In the early hours of Thursday morning, the head of ISIS died during a US raid in northwest Syria just as the extremist group was in the midst of a revival.
Abu Ibrahim al-Hashimi al-Qurayshi killed himself and his family after igniting a bomb at the beginning of the operation, according to a senior Pentagon official.
Qurayshi succeeded ISIS founder Abu Bakr al-Baghdadi in 2019 after his demise. When Qurayshi took over the organization, the vast swathes of territory the group controlled – an area larger than the size of the United Kingdom at its peak – had largely vaporized. Observers dubbed him a Caliph without a Caliphate. Yet he sought to reinvigorate the organization.
In recent months, he oversaw a resurgence of ISIS in various parts of Syria, Iraq and Lebanon. Iraq reported an uptick in violence linked to ISIS. In the Kurdish-controlled northeastern part of Syria, the group staged a lethal days-long attempted jail break in a bid to free ISIS members. Hundreds of inmates, including children, died. Scores of Kurdish fighters also perished in the clashes.

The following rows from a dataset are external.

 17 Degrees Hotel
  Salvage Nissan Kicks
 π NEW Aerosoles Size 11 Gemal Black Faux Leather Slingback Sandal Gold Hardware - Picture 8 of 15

In Lebanon, multiple regional and local reports have indicated that the group has been recruiting scores of members from the northern city of Tripoli, one of the areas hardest hit by the country’s devastating economic crisis.
Throughout it all, Qurayshi – who was known by several aliases – kept a low profile, much like his predecessor. The US Rewards for Justice program offered a reward of $10 million for information about him. His history in the organization is also murky. But snippets from interviews with ISIS prisoners paint a picture of a man with a dark past as a member of Baghdadi’s inner-most circle.
Qurayshi became a “religious scholar” with al Qaeda in Iraq, before the group rebranded itself as the Islamic State. In 2014, he “helped drive and justify the abduction, slaughter, and trafficking of the Yazidi religious minority in northwest Iraq,” the Rewards for Justice notice says.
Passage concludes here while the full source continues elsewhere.